**EXERCISE AIM**
Leaving out every picture, copy the lines of the material below exactly, from the line containing "Where Ibanez Tone-Lok" through the line containing "Ninja DoubleStack XL".

**DATA TO PROCESS**
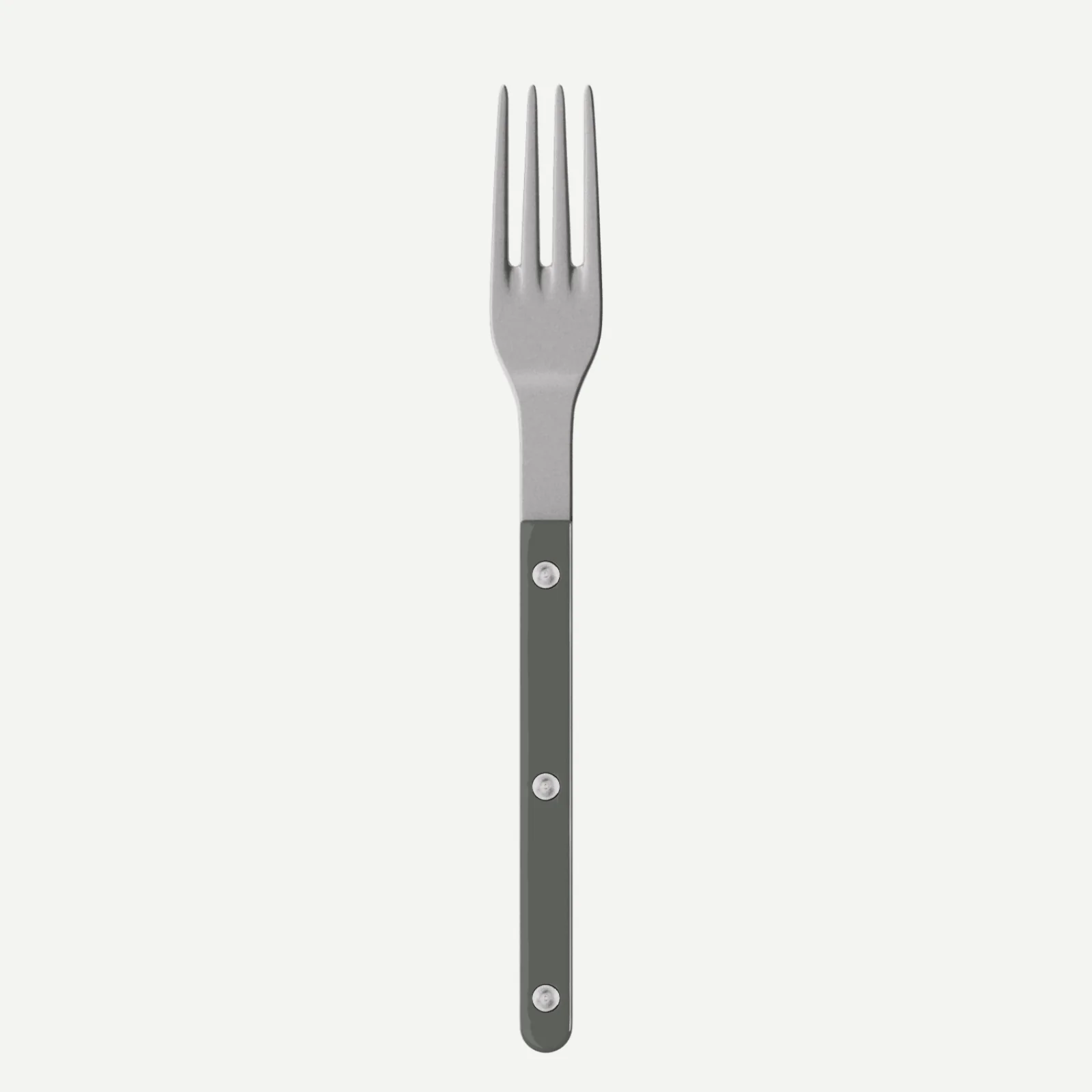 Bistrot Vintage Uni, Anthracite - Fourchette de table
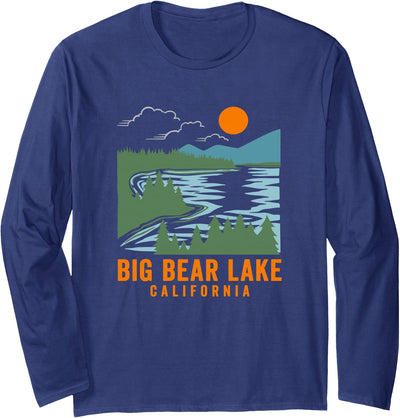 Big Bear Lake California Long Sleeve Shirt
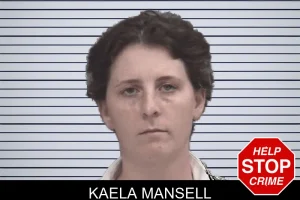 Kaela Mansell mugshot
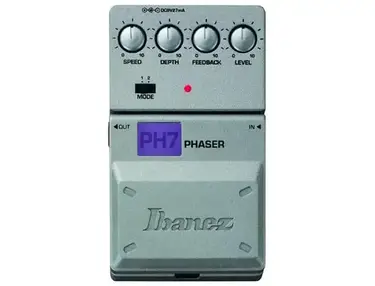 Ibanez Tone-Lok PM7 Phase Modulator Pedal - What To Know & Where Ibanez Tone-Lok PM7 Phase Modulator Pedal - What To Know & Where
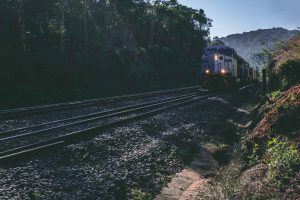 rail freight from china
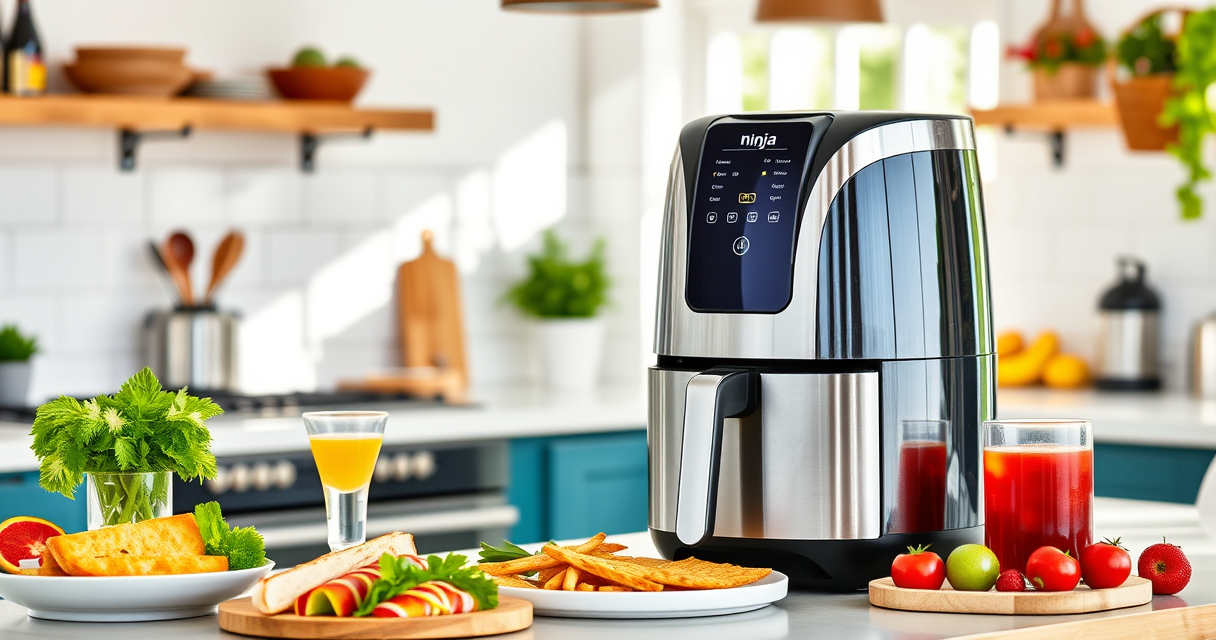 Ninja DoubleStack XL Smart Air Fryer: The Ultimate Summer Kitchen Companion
...
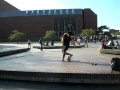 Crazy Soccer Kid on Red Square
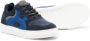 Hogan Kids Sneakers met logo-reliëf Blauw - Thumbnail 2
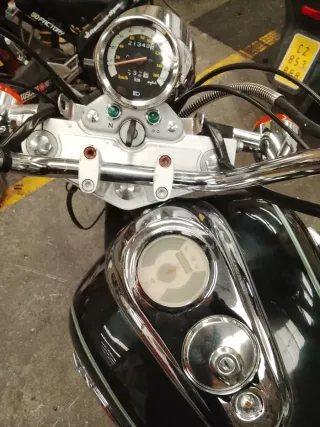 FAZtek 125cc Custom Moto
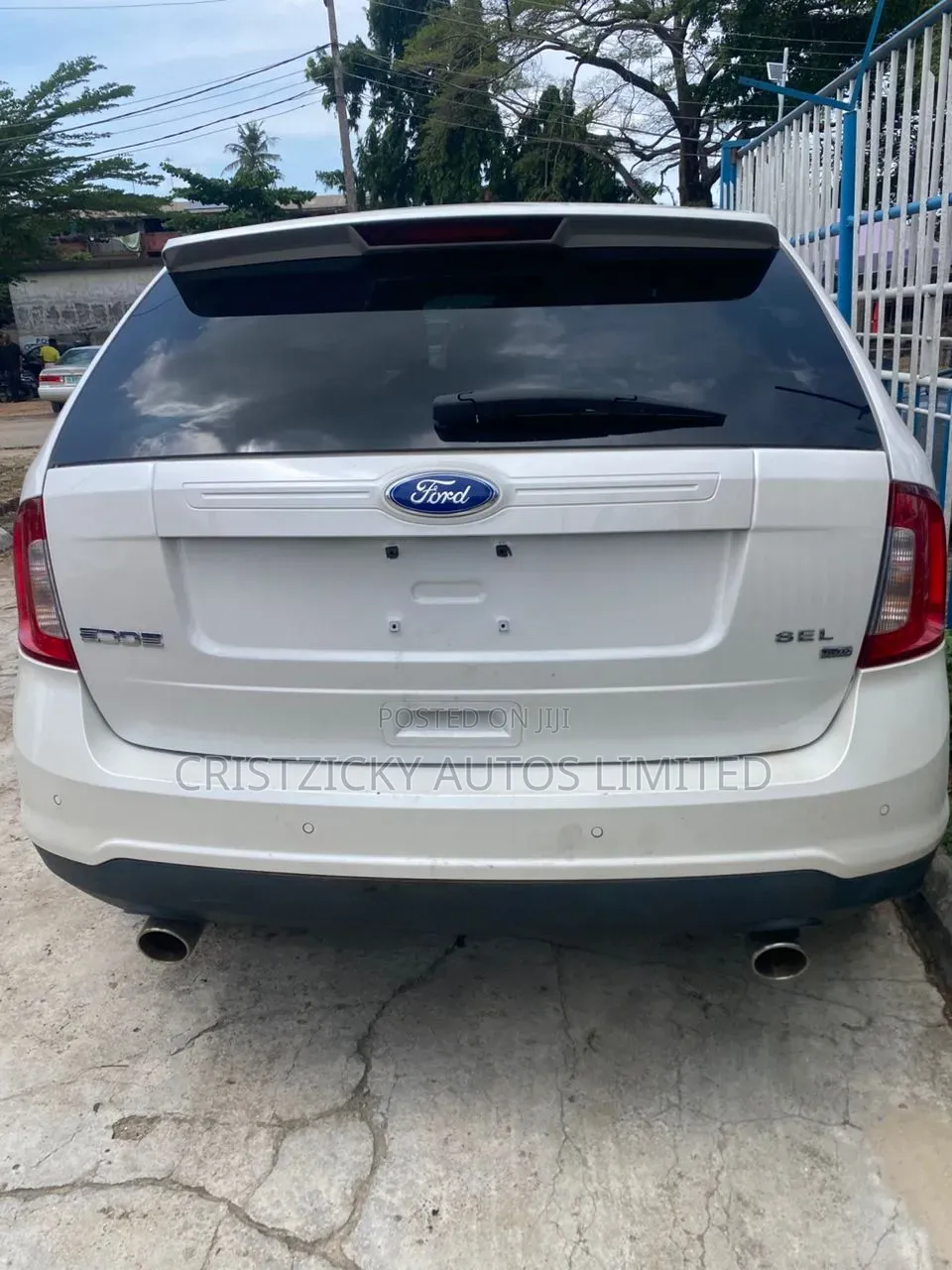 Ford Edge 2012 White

**SOLUTION FOR THIS TASK**
 Ibanez Tone-Lok PM7 Phase Modulator Pedal - What To Know & Where Ibanez Tone-Lok PM7 Phase Modulator Pedal - What To Know & Where
 rail freight from china
 Ninja DoubleStack XL Smart Air Fryer: The Ultimate Summer Kitchen Companion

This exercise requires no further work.